Multiple regulation of efficient organic light-emitting diodes using magnetic composite nanoparticles

Abstract

An alternative strategy, adopting the magnetic composite nanoparticles in the hole injection layer, is proposed in this Letter to obtain efficient organic light-emitting devices (OLEDs) by simultaneously integrating the localized surface plasmon (LSP), light-scattering, and magnetic field effects (MFE). A 90% increase in the current efficiency of Alq₃-based fluorescent OLEDs is obtained by using the Fe₃O₄@Au nanoparticles (FOA NPs), compared with the device without NPs, arising from the LSP effect induced by Au NPs and the strong light-scattering effect related to FOA NPs. Meanwhile, the current efficiency can be further increased by ∼20% under an external magnetic field (EMF) of 0.5 T due to the increased singlet exciton induced by the spin injected holes via FOA NPs.

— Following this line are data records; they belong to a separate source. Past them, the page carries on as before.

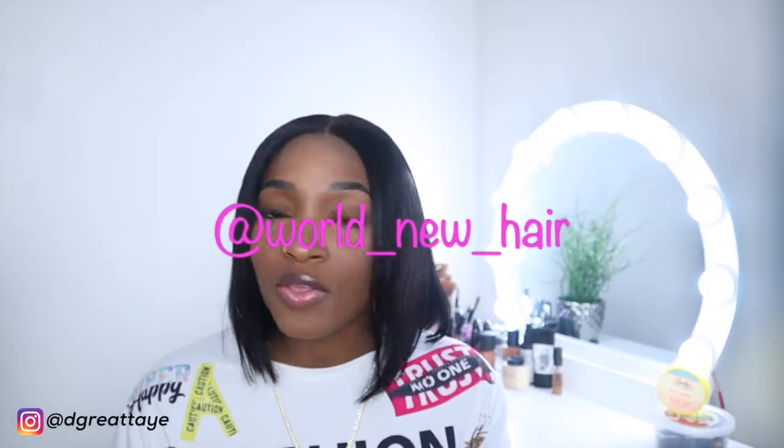Let's cut to the chase and get right into this wig. Yes, it's a wig — it looks like a fresh perm, but it's a wig. I got this wig from World New Hair. I'll leave all their details in the description bar below. I also received a discount code, and my gift to you is that discount code if you want to purchase hair from them.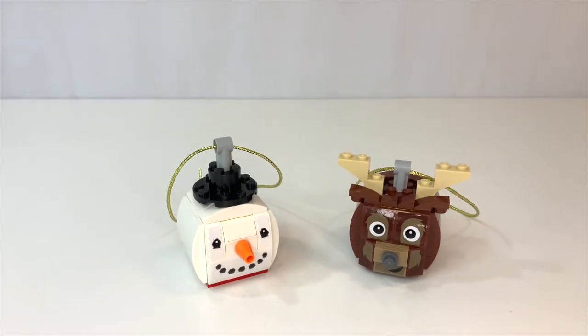Hey everyone, GoldenNinja3000 here again. Today I'm reviewing LEGO Seasonal Set Number 854050, Snowman and Reindeer Duo. This set comes with 126 pieces and retails for $9.99 in the US. This is part of a new line of seasonal, fully buildable ornaments that LEGO just started, actually in August.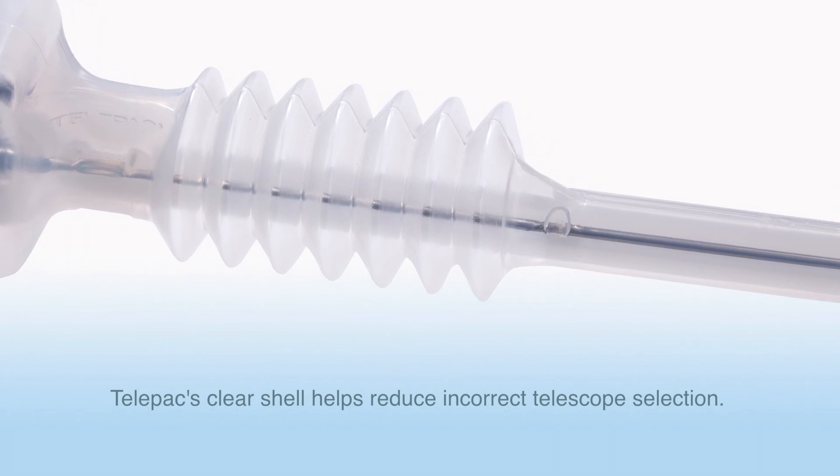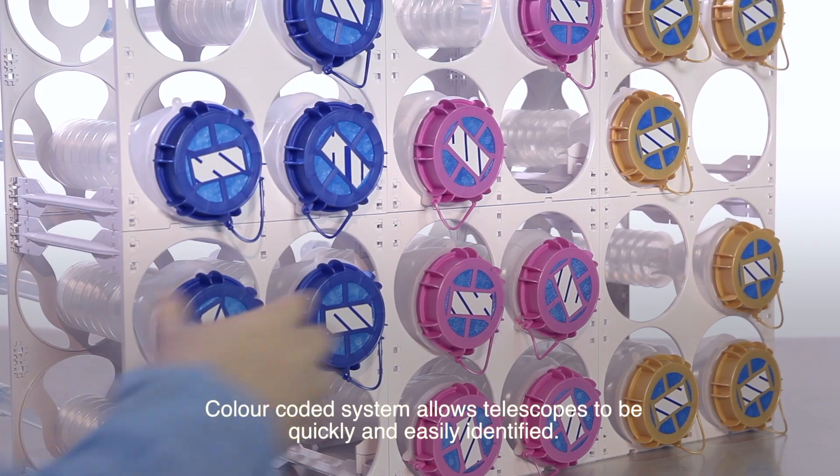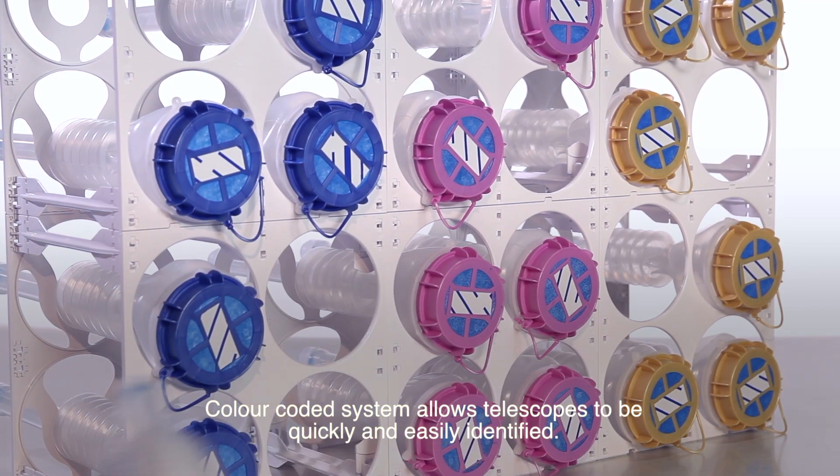Telepack's clear shell helps reduce incorrect telescope selection. Colour-coded system allows telescopes to be quickly and easily identified.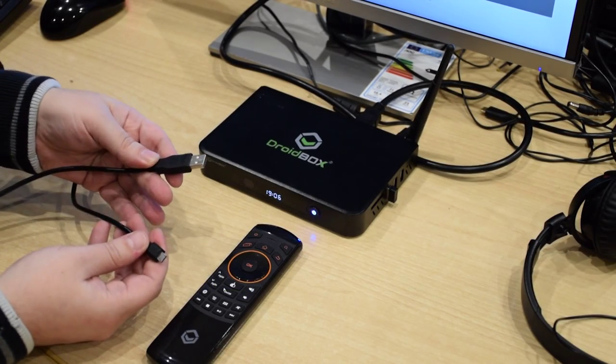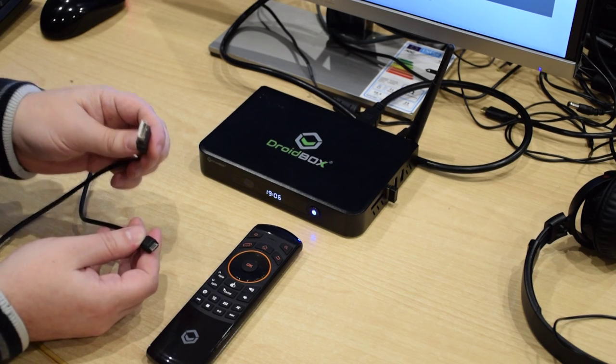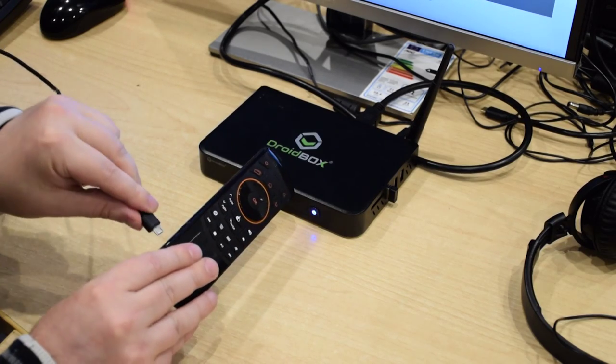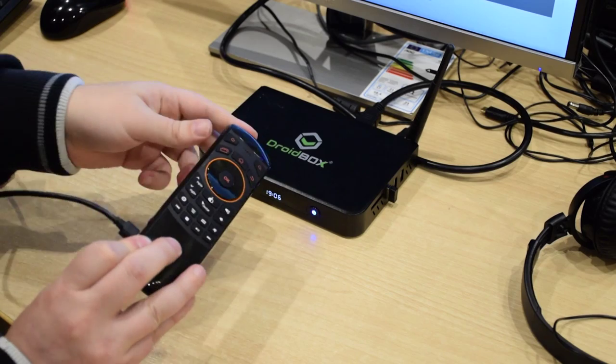The first step is to grab your USB charger cable and plug this end into the PC USB port. This end goes into the remote control charger port here and then you switch it on by pressing that button there.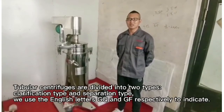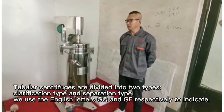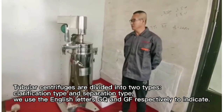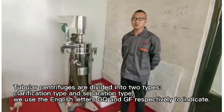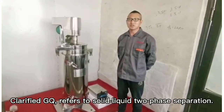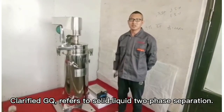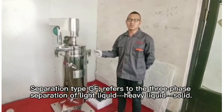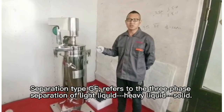Tubular centrifuges are divided into two types: clarification type and separation type. We use the English letters GQ and GF respectively to indicate. Clarified GQ refers to solid-liquid two-phase separation. Separation type GF refers to the three-phase separation of light liquid, heavy liquid, and solid.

Moreover, with an EMF, the current efficiency of Ir(ppy)₂(acac)-based OLEDs is decreased slightly, implying that the emitting material system and mechanism have a great effect on the MFE. These results confirm the extensive use of FOA NPs in OLEDs and pave a new way to construct the FOA-NPs-based white OLEDs with both fluorescence and phosphorescence emitters, whose intensity and color can be modulated.